41.         In the circumstances, the Tribunal did not err by referring to Razgar [112]. It is evident from the discussion above that if a Tribunal has to consider whether there are exceptional circumstances, there is of necessity still to be a balancing exercise albeit one in which the scales in favour of deportation start heavily weighted in the Secretary of State’s favour all the more so where, as here, a significant sentence in excess of four years has been passed. It is not properly arguable that the Tribunal did not take that into account, given that they directed themselves properly as to the relevant case law.

42.         It is evident reading the determination as a whole that there is no one factor which kept the balance in the claimant’s favour and it is worth noting that the Secretary of State herself said in the refusal letter that the claimant’s return was likely to be challenging (page 6), an assessment was also predicated on the assumption that the claimant had spent several years in Zambia, had contacts to turn to there, and had established no family life here. The Secretary of State did not, however, challenge the evidence that the claimant had never lived in Zambia, and conceded before the First-tier Tribunal that he had established a family life here, contrary to her case as set out in the refusal letter.

43.         It was the claimant’s evidence and that of his mother as set out in their witness statements and which was not challenged below that he would have no job, no accommodation, and no money on deportation to Zambia. It is not properly established that the Secretary of State submitted below that he could rely on funds submitted by relatives nor is there evidence supporting such a submission. More importantly, it is not established that the claimant’s evidence on this was challenged before the First-tier Tribunal.

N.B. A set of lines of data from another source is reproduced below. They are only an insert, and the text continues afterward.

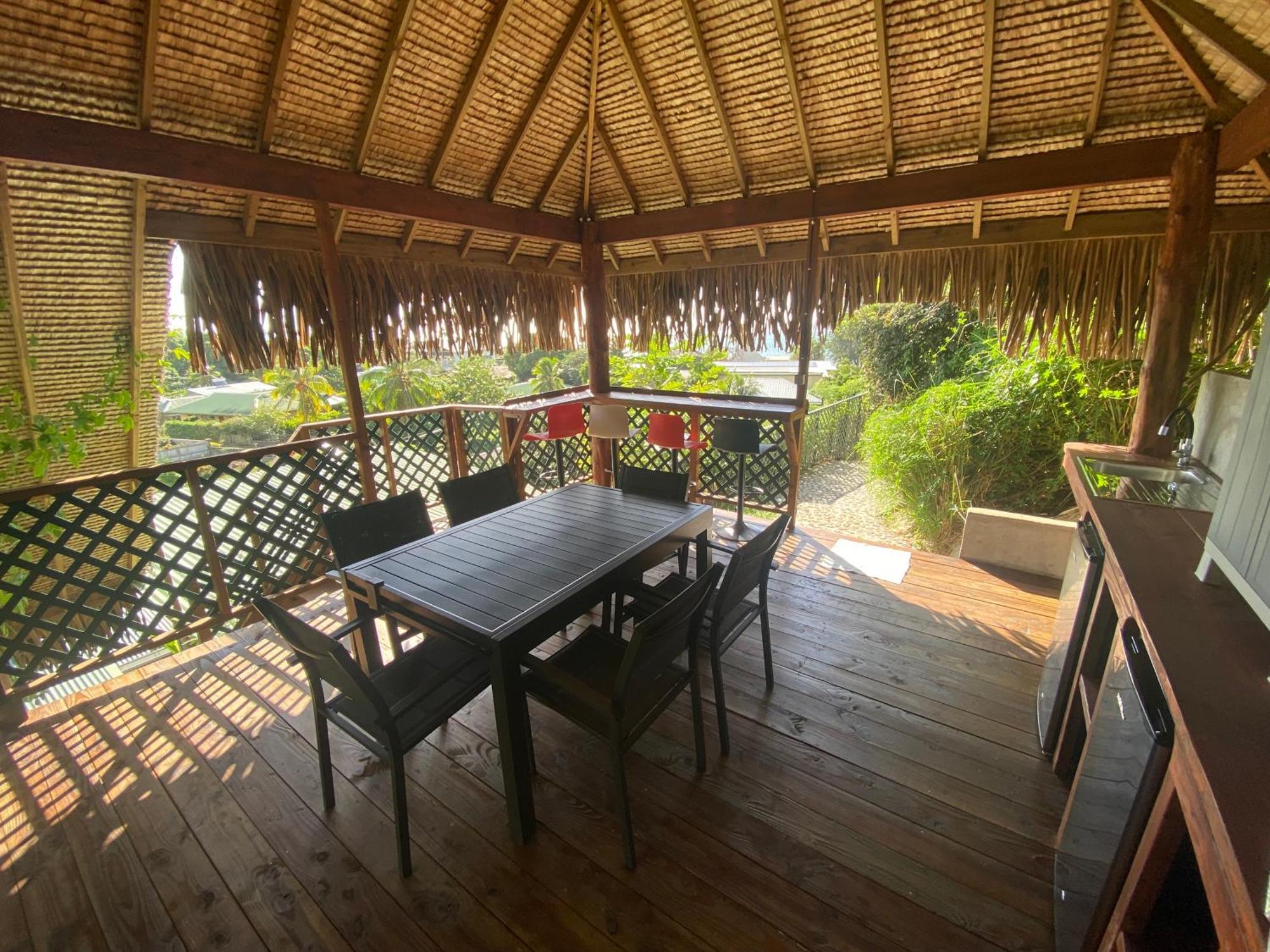 Maharepa Lodges Bungalow 外观 照片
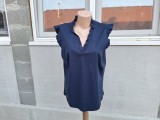 Holly &amp; White | tricou camasa dama | bust 106 cm | mar. 38 - 40 | M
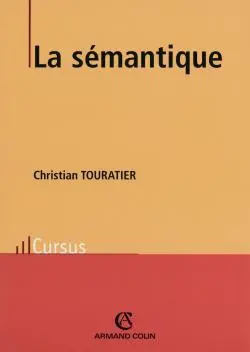 La sémantique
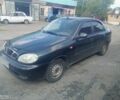 Черный Дэу Сенс, объемом двигателя 1 л и пробегом 222 тыс. км за 1050 $, фото 4 на Automoto.ua
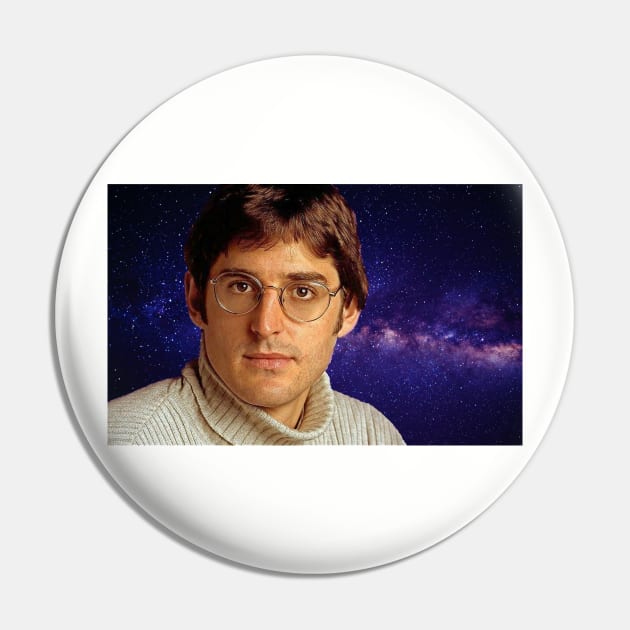 Theroux The Galaxy 2 Pin by Therouxgear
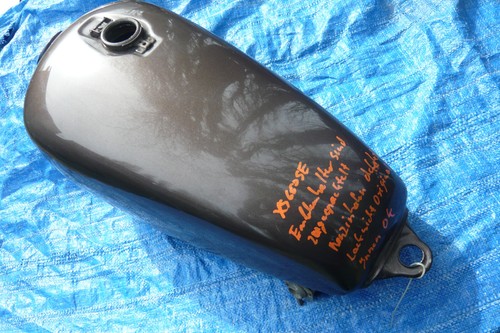 Yamaha xs650 special tank - xs650,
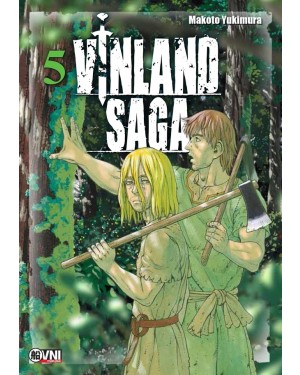VINLAND SAGA VOL. 05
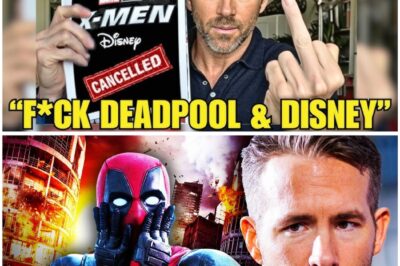“MCU Is Doomed Forever” Ryan Reynolds QUITS After Disney Tries To Cut His Salary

44.         It is evident that the Tribunal found that the circumstances were sufficient on the unusual facts of this case to make the Claimant’s deportation disproportionate. It cannot properly be argued that they gave insufficient consideration to the weight to be attached to deportation, referring as they do to the relevant case law which establishes the deterrent effect as well as the effect of preventing those affected from offending again after release and it is evident [121] that they were aware and took into account the views of Parliament.

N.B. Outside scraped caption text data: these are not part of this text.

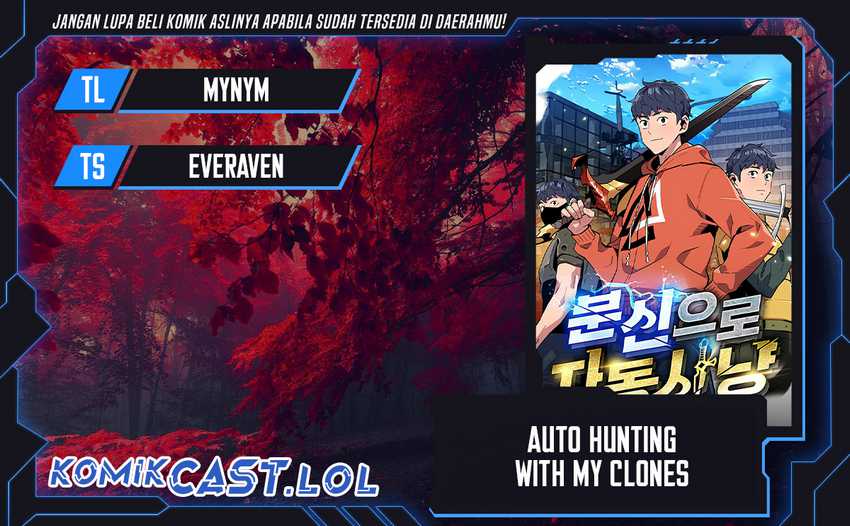 Auto-Hunting With Clones Chapter 79 - halaman 1
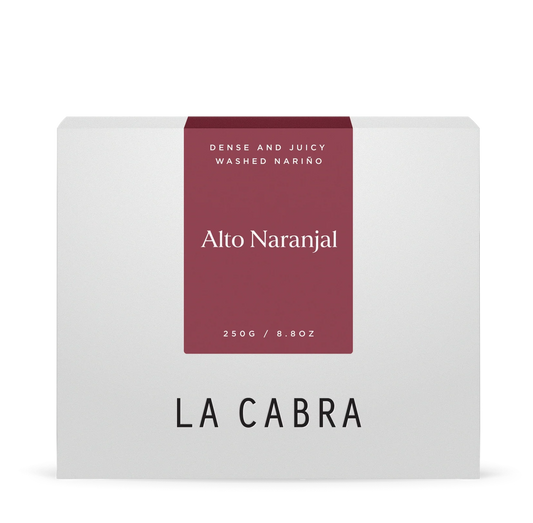 Alto Naranjal - Colombia, La Cabra | 250g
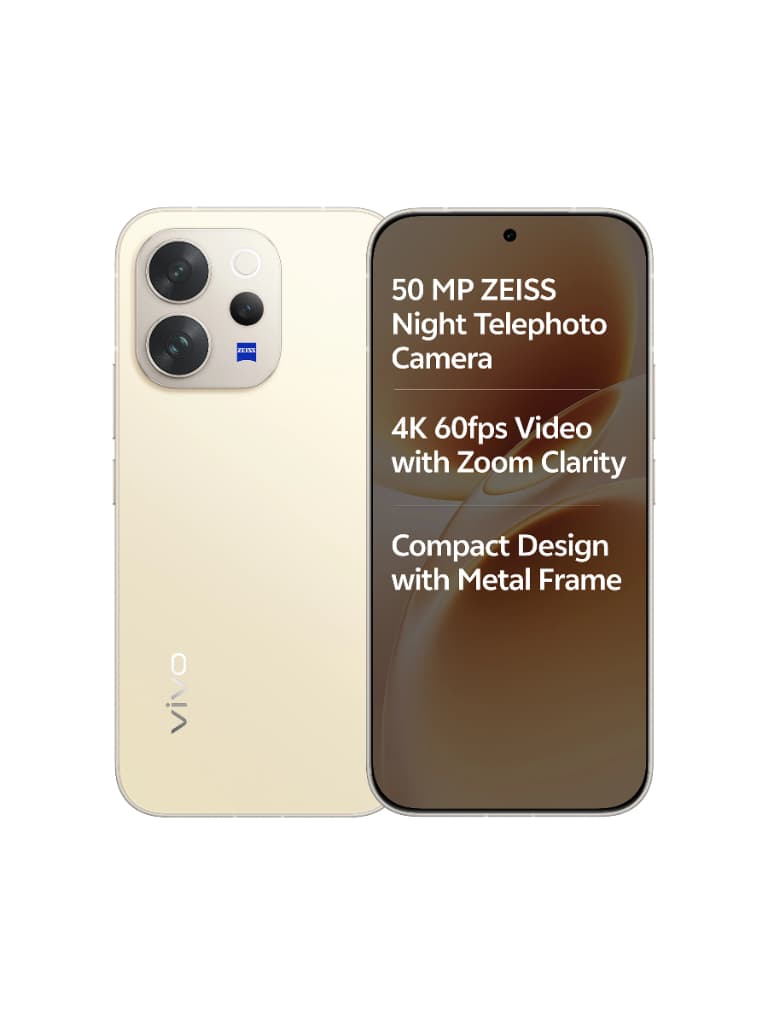 Vivo V70 photo 2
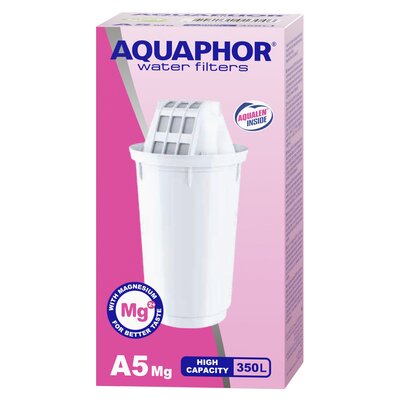 Wkład filtrujący AQUAPHOR A5 MG2+ (1 szt.)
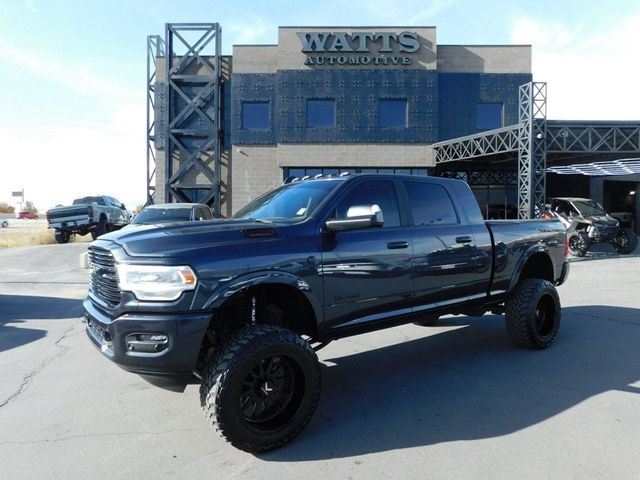 2022 Ram 3500 Laramie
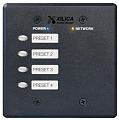 Xilica Mini-S4 контрольная панель с 4 переключателями
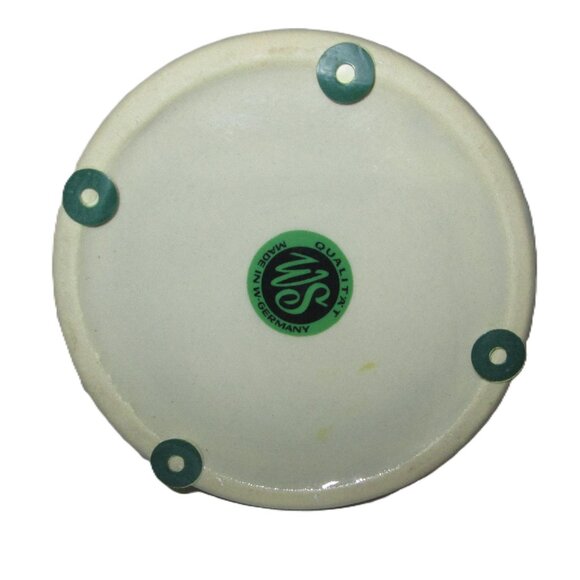 WS stein of Bremen Roland mit Rathaus stoneware made in West Germany - Picture 6 of 10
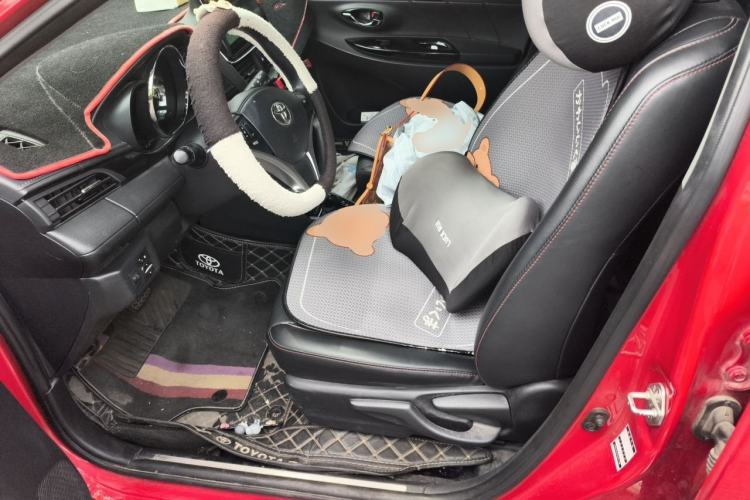 Used Toyota YARiS L Zhi Xuan 2022 X-Trail 1.5L CVT Luxury PLUS Edition Left Front Seat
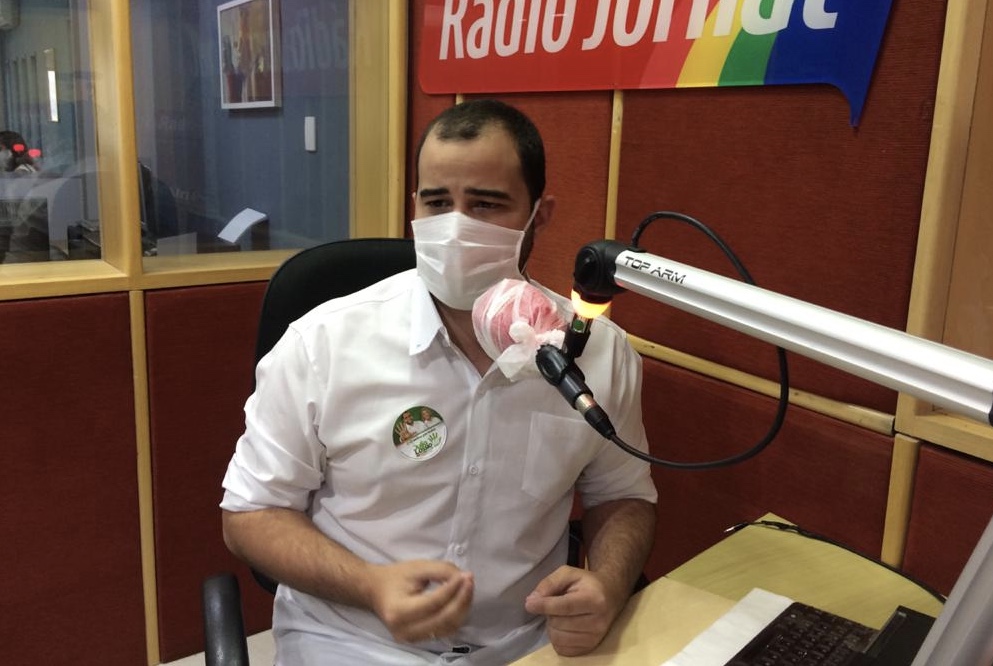 Julio Lossio Filho propõe programa IPTU Zero em Petrolina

45.         In evaluating this situation the Tribunal were entitled to consider the decision in Maslov, indeed this was a matter conceded by Counsel for the Secretary of State in MF (Nigeria). Further, they identified factors which, when taken cumulatively, they considered meant that the consequences of deportation to a country where he has never lived and with which he has the most tenuous of connections, would be unjustifiably harsh, a conclusion open to them, the claimant’s serious criminality and the public interest in removing him notwithstanding.

Conclusion

46.         Returning to the decisions in English v Emery Reinbold and B v SSHD, and to the passages cited above, it is, on the face of the determination why the First-tier Tribunal reached the conclusion that they did. Further, it was one which, on the material before them, they were entitled to reach.

47.         For these reasons, the Secretary of State has not shown that the determination of the First-tier Tribunal involved the making of an error of law, and, while it may not have been a decision to which the Upper Tribunal might have come, it must therefore be upheld.

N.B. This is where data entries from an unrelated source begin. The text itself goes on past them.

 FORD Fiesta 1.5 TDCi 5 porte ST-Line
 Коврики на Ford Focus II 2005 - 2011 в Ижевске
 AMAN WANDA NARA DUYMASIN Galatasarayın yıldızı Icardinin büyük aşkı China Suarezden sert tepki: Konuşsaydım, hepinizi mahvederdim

48.         That said, I am not satisfied that it is in the public interest that an anonymity order remain in favour of the claimant. It is only in exceptional circumstances that the strong public interest in public justice can be outweighed, and in this case, they are not insofar as the claimant’s identity is concerned. That said, the determination of the First-tier Tribunal contains material which must remain confidential given its nature and the risks to others. I therefore maintain the anonymity order in respect of that determination.

SUMMARY OF CONCLUSIONS

 

1        The decision of the First-tier Tribunal did not involve the making of an error of law and I uphold it.

2        The anonymity order put in place by the First-tier Tribunal remains so far as it relates to their determination, but does not apply to this determination.